= Exercise brief =
Transcribe only the stretch of lines that opens with the line containing "PoulaTo: X μαζικά κουτάβια Yorkie" and closes with the last line of the listing, skipping pictures.

= Supplied information =
****

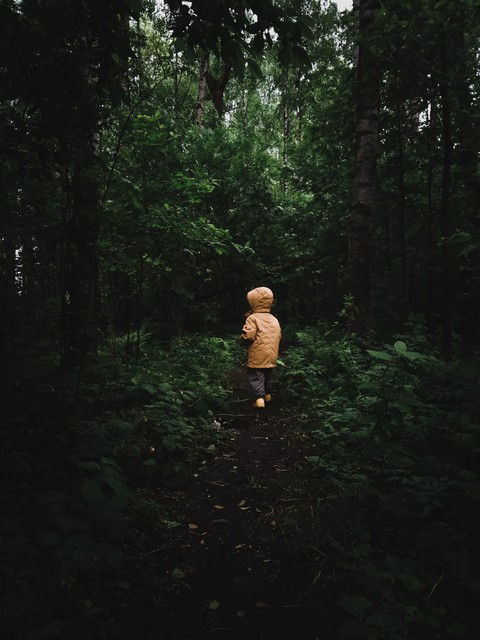 forest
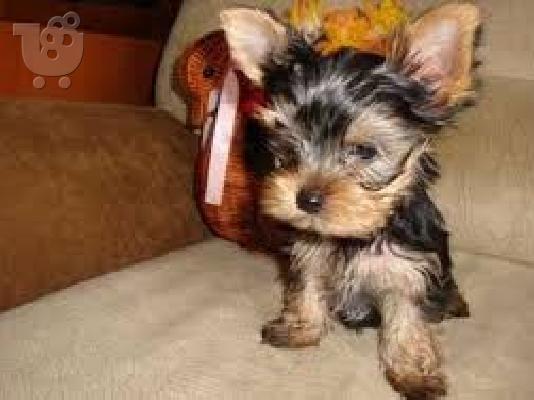 PoulaTo: X μαζικά κουτάβια Yorkie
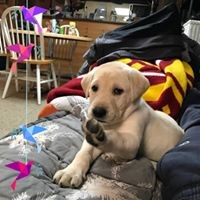 Profile Picture of Matt Mcdavid (@matt-mcdavid-5) on Quora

****

= Answer for this exercise =
 PoulaTo: X μαζικά κουτάβια Yorkie
 Profile Picture of Matt Mcdavid (@matt-mcdavid-5) on Quora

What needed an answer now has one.